There is no single solution - it's a combination of all of them. I was very surprised how much the memory use went up when I logged the before and after of each request - it gave me a better idea of what might be going on in production.

I don't use this but it helped identify some of the more problematic handlers and allowed me to search the logs for "high mem request".

from google.appengine.api import runtime

lass LogResourceUsage(object):
def __init__(self, application):
self.application = application

def __call__(self, environ, start_response):
memory_usage = runtime.memory_usage()
memory_usage_current = memory_usage.current()
logging.debug('mem:{0}'.format(memory_usage_current))

response = self.application(environ, start_response)

memory_usage = runtime.memory_usage()
memory_usage_final = memory_usage.current()
memory_usage_request = memory_usage_final - memory_usage_current
logging.debug('mem:{0} {1}'.format(memory_usage_final, memory_usage_request))

if memory_usage_request > 2: # TODO: limit for instance? or memory_usage_final > 126:
logging.warn('high mem request')
gc.collect()

return response

[Deleted User] <[Deleted User]> #49Feb 4, 2015 05:20PM

joachim@jkrebs.com: Clearing the cache wont help. You have to explicitly tell it not to do it in the first place.

The way I got this to work for me:

ctx = ndb.get_context()
ctx.set_cache_policy(lambda key: False)

Nick:
You are absolutely right. We are talking about work arounds, when we all know this is not expected behavior for a caching algorithm.

si...@gmail.com <si...@gmail.com> #50Feb 4, 2015 07:08PM

As the context / instance cache is scoped to a request, I don't think there is much benefit to it being turned into an LRU cache and it seems unfair to criticise it for not being something it isn't intended to be.

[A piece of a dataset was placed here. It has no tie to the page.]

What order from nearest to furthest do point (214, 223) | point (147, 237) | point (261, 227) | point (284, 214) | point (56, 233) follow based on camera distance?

Any LRU cache would need to be per-instance and entities shared between requests (suggesting read-only 'lookup' type objects). There is a good blog article here on this approach:

http://bjk5.com/post/2320616424/layer-caching-in-app-engine-with-memcache-and

Unless you already have memory issues well under control though this is likely to make things worse because those entities will be kept around for much longer than the single request. Trading memory for latency only makes sense when you have memory spare and possibly stale entities aren't an issue.

jf...@google.com <jf...@google.com> #51Feb 6, 2015 12:55AM

Hello All,

First off, we want to extend an apology to the community for falling behind on updating this issue accordingly. Despite the appearance of staleness, we’ve been working on this topic and I will attempt to provide the latest developments.

As previously uncovered by Isaac, NDB is manifesting a non-deterministic memory behavior while using the function fetch_page()[1] which is potentially causing extra memory use. We haven’t fixed this yet, though we have a few solutions in the works. To properly keep track of this, I’ve created issue #11648 [2] which will help us communicate further developments.

Now, going back to the original topic of the issue. Throughout our investigation, we have not been able to reproduce a memory leak both locally or in production. Below, our findings.

We last tested this in production by slightly simplifying the example provided (courtesy of joachim@). We removed the need for a task, but instead defined a module with Manual scaling, instance class B4 and just 1 instance. This allows the request to run for more than 60 seconds, provides a big memory buffer, and subsequent requests can use the same instance over and over to determine if there’s a leak between requests. Also, we utilize App Engine’s Runtime APIs [3] to print out memory values once a request finishes. A short gist of the modified code we used can be found here:

https://gist.github.com/josemontesdeoca/56309320f03dbb6c0a97

Results revealed that the ‘/task/pages’ handler instance memory usage (as measured by our Runtime API [3] which is providing OS Level memory usage) grows up to ~300 MB (using a batch size of 25) but does not grow without bound, as one would expect in the event of a memory leak.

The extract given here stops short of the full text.